What to produce: Could you transcribe all of the data exactly and skip any pictures?

Data shown:

>>

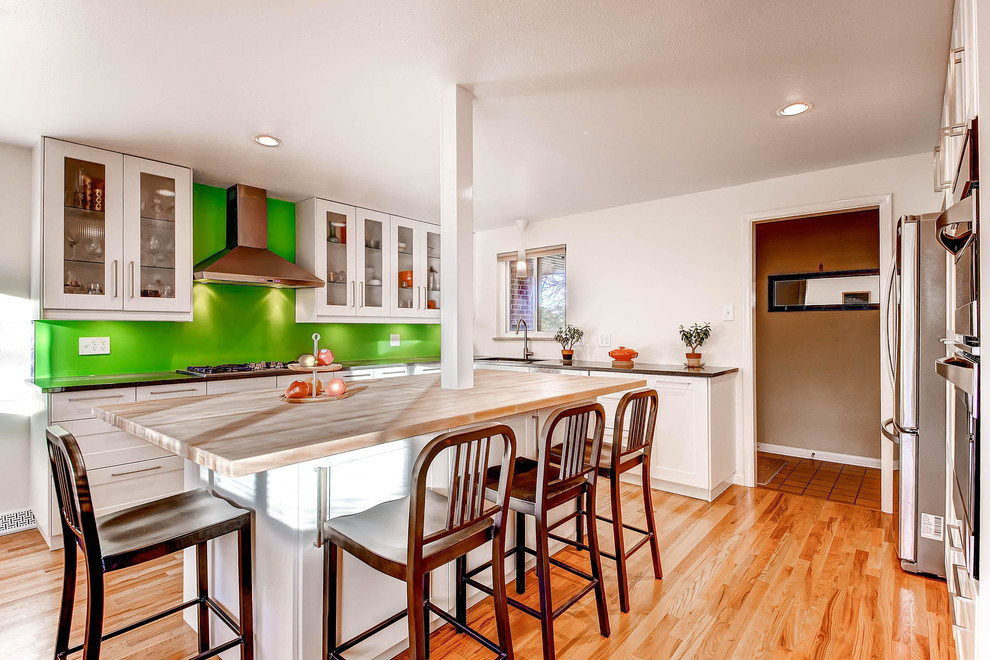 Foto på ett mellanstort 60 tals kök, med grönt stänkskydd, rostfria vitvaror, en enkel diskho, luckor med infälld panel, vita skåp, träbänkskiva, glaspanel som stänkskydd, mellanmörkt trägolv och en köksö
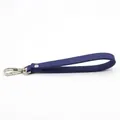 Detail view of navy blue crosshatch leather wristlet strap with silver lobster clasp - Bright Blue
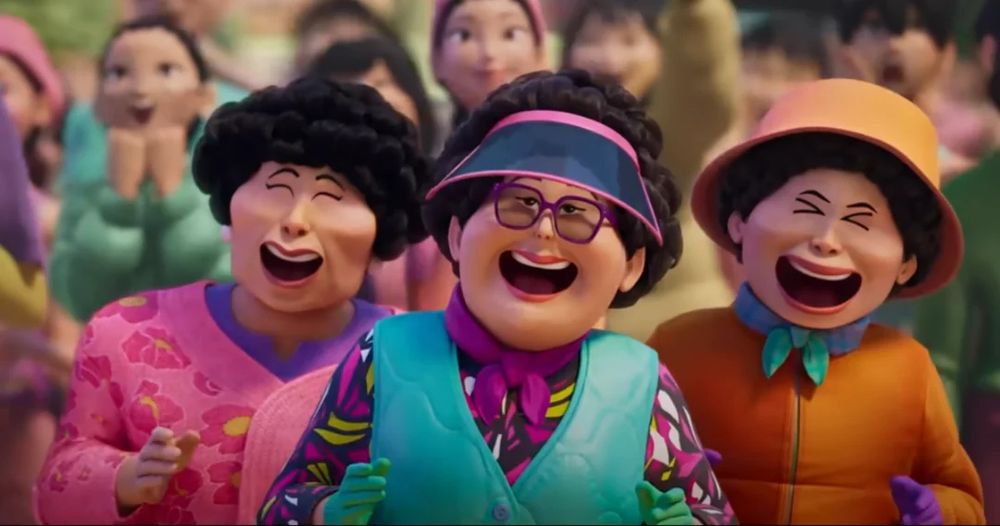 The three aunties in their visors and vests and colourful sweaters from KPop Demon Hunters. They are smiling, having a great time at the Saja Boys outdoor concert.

<<

Response to the exercise:
 Foto på ett mellanstort 60 tals kök, med grönt stänkskydd, rostfria vitvaror, en enkel diskho, luckor med infälld panel, vita skåp, träbänkskiva, glaspanel som stänkskydd, mellanmörkt trägolv och en köksö
 Detail view of navy blue crosshatch leather wristlet strap with silver lobster clasp - Bright Blue
 The three aunties in their visors and vests and colourful sweaters from KPop Demon Hunters. They are smiling, having a great time at the Saja Boys outdoor concert.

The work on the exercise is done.